Evelina e le fate è stata una lettura SORPRENDENTE, un piacevolissimo libro di Simona Baldelli, esordiente finalista al Premio Calvino 2012. Di solito mi piace curiosare, non andare sempre sui nomi sicuri che spesso sono anche deludenti e così mi capita di imbattermi in libri come questo: la magica storia di una bambina di cinque anni di nome Evelina che con gli occhi della sua età vede quello che accade intorno a lei nell’ultimo anno della seconda guerra mondiale.
Evelina vive in casolare, figlia di contadini, e vede le fate: la Nera e la Scepa, presenze protettive perfino con la guerra intorno.
Evelina, nel suo parlare vivace e colorato, nel suo muoversi rapida è una bambina sveglia e intelligente e perfino di fronte ai cadaveri sgozzati riesce a mantenere una distanza ironica in cui tragedia e fiaba si mescolano.
Questo nulla toglie ai fatti tragici che incontra e nella storia insieme a lei si svela un mondo contadino appartenente al passato rivisitato nella linguaggio, nell’atmosfera, nel cibo, nel modo di vivere di una piccola comunità di campagna.
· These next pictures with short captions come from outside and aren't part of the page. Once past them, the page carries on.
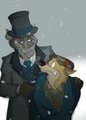 Here, I Hope This Helps, Russel by FPFP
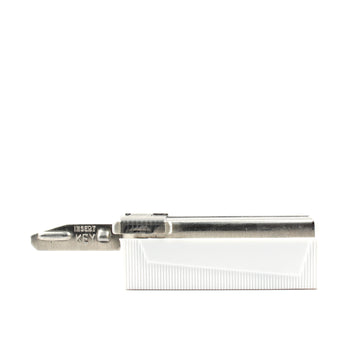 Personna - Stainless Coated Injector Blades, 20 pack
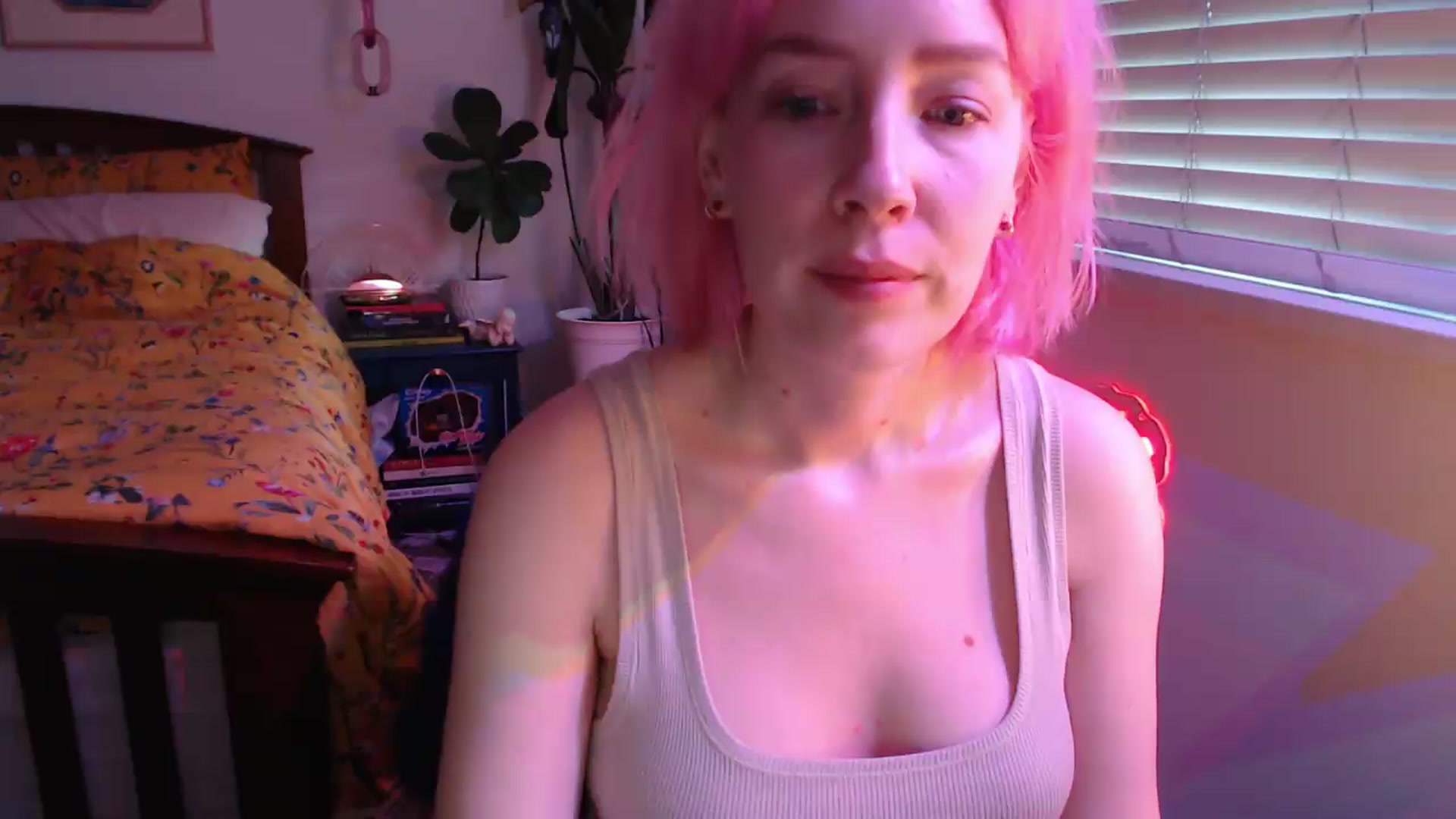 Gallery image thumbnail from NahlaHoney's myfreecams stream on, 07/17/2026, 03:57 image 9 of 20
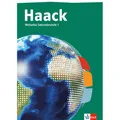 Klett Haack Weltatlas. Allgemeine Ausgabe Sekundarstufe I (Deutsch, 2025) (53806107)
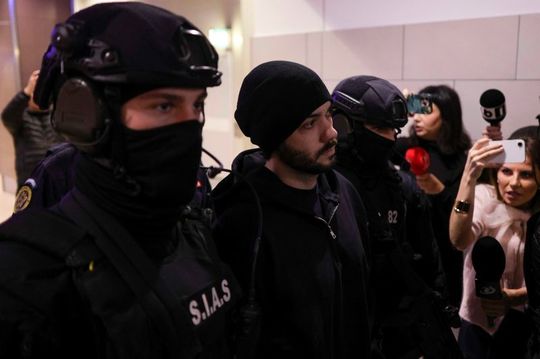 FOTO - Inquam Photos / Octav Ganea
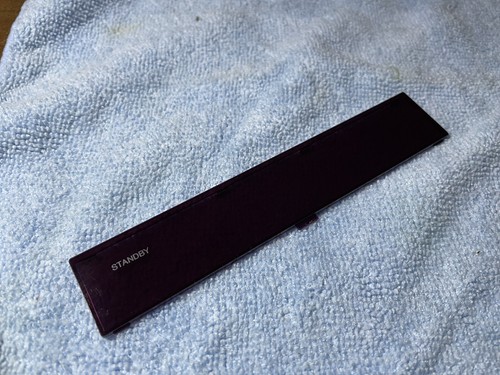 Technics tr474 cassettiera - rs-tr474,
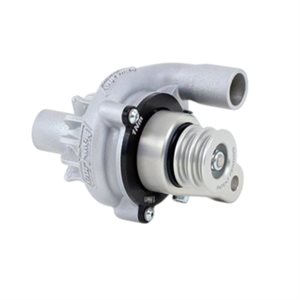 NEW-LINE WATER PUMP TURBO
La guerra vista da una bambina dunque, che nulla toglie alla Storia, anzi, la arricchisce di una voce nuova.
“Una mattina presto, che era ancora quasi buio, Evelina stava facendo la sfoja per i maltajèt. All’improvviso vide la Scèpa fare delle mosse nuove. Aveva allargato le braccia come se indicasse qualcosa largo quanto una porta. Scese dal panchetto che le serviva per arrivare meglio al tavolo e corse verso la finestra. L’ aia era deserta. «Quant’ si’ sciapéna, ’an c’è nisciun.»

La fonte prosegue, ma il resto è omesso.